ASIC to restrict sales of direct life insurance

ASIC has published the results of its review of direct life insurance to explore whether, and how, the way direct life insurance products are designed and sold contributes to poor consumer outcomes.

REP 587 The sale of direct life insurance summarises the findings and recommendations from ASIC’s review of the sale of direct life insurance products in Australia, including term life, accidental death, trauma, total and permanent disability (TPD) and income protection insurance.

The review covered 11 firms, including six insurers selling directly to consumers and three distributors selling on behalf of two insurers.

ASIC listened to more than 540 recorded sales calls and identified a failure by all firms to provide adequate information about important aspects of the cover, including key exclusions and future premium increases.

Four firms were also found to engage in pressure selling techniques, including refusing to send out paperwork unless a consumer committed to buying.

More than half the firms had incentive schemes which encourage sales staff to prioritise closing a sale ahead of the needs of the customer, including bonus payments heavily focused on value or volume of sales.

As a result, ASIC says it intends to restrict outbound sales of life and funeral insurance, in order to protect consumers.

ASIC also says that unless firms can demonstrate that accidental death insurance can meet consumer needs, it expects firms to stop selling this product.

While the review did not specifically look at consumer credit insurance (CCI) or funeral insurance, the findings and recommendations are also applicable to the direct sale of these products.

ASIC’s review reports that consumers are cancelling their policies in very high numbers:

  • one in five of all policies taken out were cancelled in the cooling off period;
  • one in four of all policies that remained in force beyond the cooling off period was cancelled within 12 months;
  • three in five of all policies sold were cancelled within three years.

Life insurance sold direct compares poorly with other channels when it comes to claims: 15% of claims are declined, with 27% of claims withdrawn.

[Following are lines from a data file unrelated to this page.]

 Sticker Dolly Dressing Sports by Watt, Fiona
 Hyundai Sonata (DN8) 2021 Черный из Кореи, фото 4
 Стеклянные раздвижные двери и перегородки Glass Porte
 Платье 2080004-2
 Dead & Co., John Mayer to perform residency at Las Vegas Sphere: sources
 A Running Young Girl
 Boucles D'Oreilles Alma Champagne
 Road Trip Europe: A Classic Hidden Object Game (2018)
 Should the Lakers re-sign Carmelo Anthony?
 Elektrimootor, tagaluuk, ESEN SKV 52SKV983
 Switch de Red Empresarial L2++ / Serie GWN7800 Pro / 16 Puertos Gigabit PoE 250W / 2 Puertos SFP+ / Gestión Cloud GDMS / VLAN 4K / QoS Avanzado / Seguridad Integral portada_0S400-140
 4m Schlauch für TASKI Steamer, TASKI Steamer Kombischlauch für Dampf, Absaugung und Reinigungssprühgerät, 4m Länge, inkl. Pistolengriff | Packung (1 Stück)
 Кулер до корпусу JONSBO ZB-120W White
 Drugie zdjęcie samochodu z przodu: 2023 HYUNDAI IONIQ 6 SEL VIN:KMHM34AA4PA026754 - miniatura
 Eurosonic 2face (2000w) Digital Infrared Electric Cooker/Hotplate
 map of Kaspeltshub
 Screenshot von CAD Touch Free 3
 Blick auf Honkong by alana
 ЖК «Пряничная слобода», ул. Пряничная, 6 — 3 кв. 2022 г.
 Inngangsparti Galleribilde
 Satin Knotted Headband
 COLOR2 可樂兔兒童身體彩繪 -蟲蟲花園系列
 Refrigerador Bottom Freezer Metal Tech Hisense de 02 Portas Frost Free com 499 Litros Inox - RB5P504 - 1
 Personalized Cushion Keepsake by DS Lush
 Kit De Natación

ASIC has also released Report 588, consumer research conducted as part of this review, which found consumers struggle with the direct life insurance sales experience and the complexity of the products, and consumer understanding of key features is often poor.

ASIC says sales of accidental death insurance were particularly problematic, including where consumers were ‘downgraded’ to accidental death insurance after being rejected for comprehensive life insurance. Accidental death insurance only covers death due to some types of accidents, and offers little value to consumers, with a claims ratio of only 16.1% over the 2015-17 financial years.